Germany’s domestic intelligence chief wants the government to review laws restricting the surveillance of minors to guard against the children of extremist fighters returning to the country as “sleeper agents” who could carry out attacks.
Hans-Georg Maassen, head of the BfV agency, told Reuters that security officials were preparing for the return of ISIS militants to Germany along with potentially “brainwashed” children, although no big wave appeared imminent.
Nearly 1,000 people are believed to have left Germany to join up with the militants. As the group’s presence in the Middle East crumbles, some are returning with family members, the news agency said.

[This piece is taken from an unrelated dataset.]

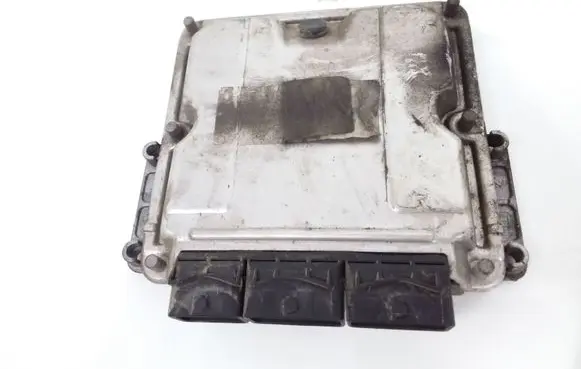 Renault Scenic I Engine control unit/module 0281001934 8200039569 HOM8200039569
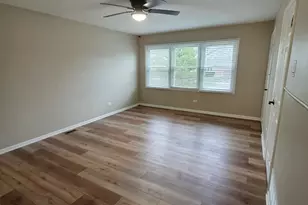 43 W Ann St, Lombard, IL 60148 - Photo 3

Only a small number of the 290 toddlers and children who left Germany or were born in Syria and Iraq had returned thus far, Maassen said. Many were likely to still be in the region, or perhaps moving to areas such as Afghanistan, where ISIS remains strong.
He said Germany should review laws restricting surveillance of minors under the age of 14 to prepare for the increased risk of attacks by children as young as nine who grew up in ISIS schools.
“We see that children who grew up with ISIS were brainwashed in the schools and the kindergartens" of the terrorist group, he said. “They were confronted early with the ISIS ideology ... learned to fight, and were in some cases forced to participate in the abuse of prisoners, or even the killing of prisoners.”
He said security officials believed such children could later carry out violent attacks in Germany.
“We have to consider that these children could be living time bombs,” he said. “There is a danger that these children come back brainwashed with a mission to carry out attacks.”
Maassen’s comments were the first specific estimate of the number of children affected, following his initial warning in October that such children could pose a threat after being indoctrinated in battlefield areas.